Existing techniques for model inversion typically rely on hard-to-tune regularizers, such as total variation or feature regularization, which must be individually calibrated for each network in order to produce adequate images. In this work, we introduce Plug-In Inversion, which relies on a simple set of augmentations and does not require excessive hyper-parameter tuning. Under our proposed augmentation-based scheme, the same set of augmentation hyper-parameters can be used for inverting a wide range of image classification models, regardless of input dimensions or the architecture. We illustrate the practicality of our approach by inverting Vision Transformers (ViTs) and Multi-Layer Perceptrons (MLPs) trained on the ImageNet dataset, tasks which to the best of our knowledge have not been successfully accomplished by any previous works.

Machine Learning, ICML

1 Introduction

Model inversion is an important tool for visualizing and interpreting behaviors inside neural architectures, understanding what models have learned, and explaining model behaviors. In general, model inversion seeks inputs that either activate a feature in the network (feature visualization) or yield a high output response for a particular class (class inversion) (Olah et al., 2017). Model inversion and visualization has been a cornerstone of conceptual studies that reveal how networks decompose images into semantic information (Zeiler & Fergus, 2014; Dosovitskiy & Brox, 2016). Over time, inversion methods have shifted from solving conceptual problems to solving practical ones. Saliency maps, for example, are image-specific model visualizations that reveal the inputs that most strong influence a model’s decisions (Simonyan et al., 2014).
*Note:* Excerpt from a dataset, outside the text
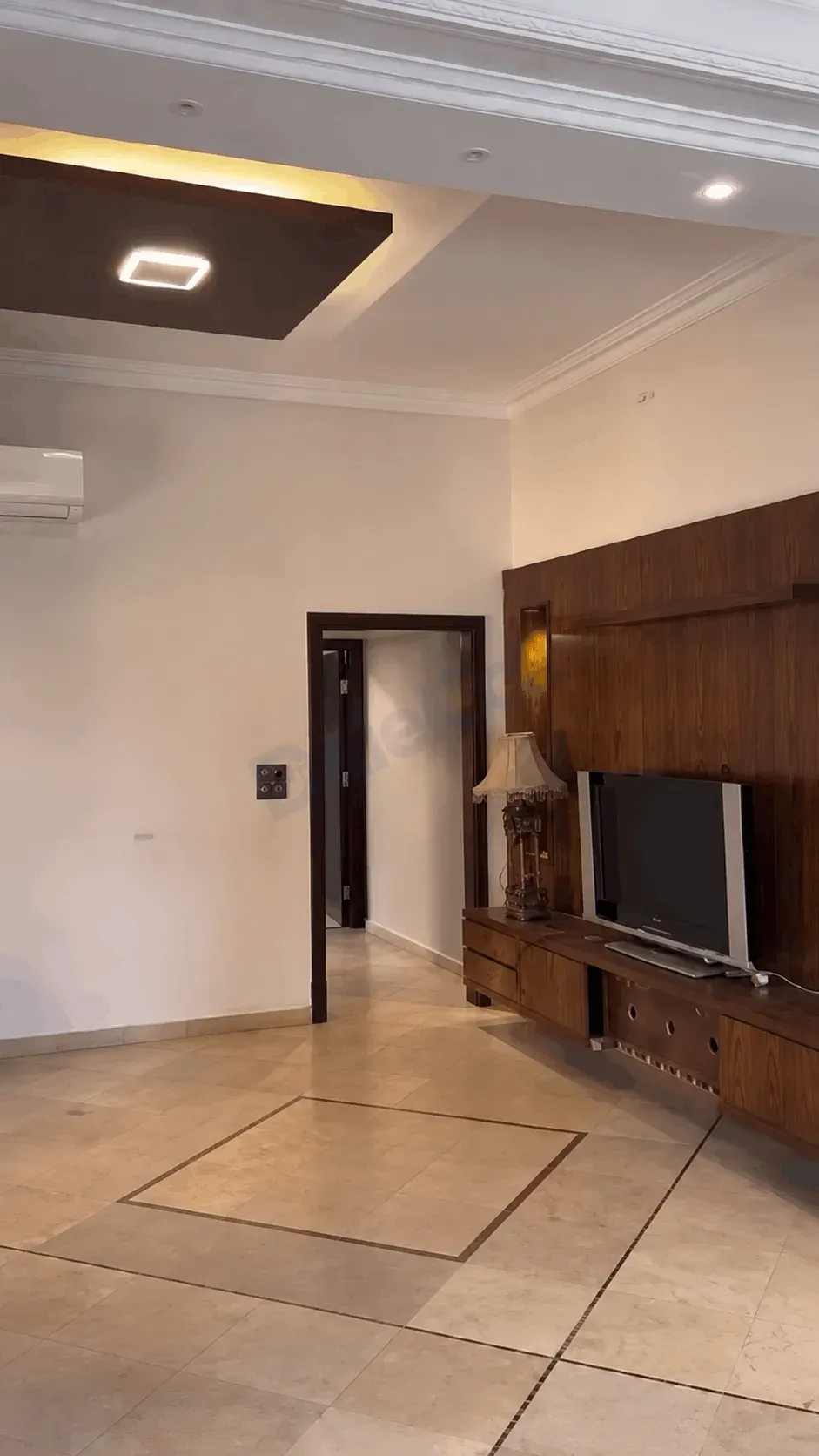uploads/advertisements/images/للبيع_منزل_سكني_في_أبو_رمانة__6_-1784762537072.webp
Recent advances in network architecture pose major challenges for existing model inversion schemes. Convolutional Neural Networks (CNN) have long been the de-facto approach for computer vision tasks, and are the focus of nearly all research in the model inversion field. Recently, other architectures have emerged that achieve results competitive with CNNs. These include Vision Transformers (ViTs; Dosovitskiy et al., 2021), which are based on self-attention layers, and MLP-Mixer (Tolstikhin et al., 2021) and ResMLP (Touvron et al., 2021a), which are based on Multi Layer Perceptron layers. Unfortunately, most existing model inversion methods either cannot be applied to these architectures, or are known to fail. For example, the feature regularizer used in DeepInversion (Yin et al., 2020) cannot be applied to ViTs or MLP-based models because they do not include Batch Normalization layers (Ioffe & Szegedy, 2015).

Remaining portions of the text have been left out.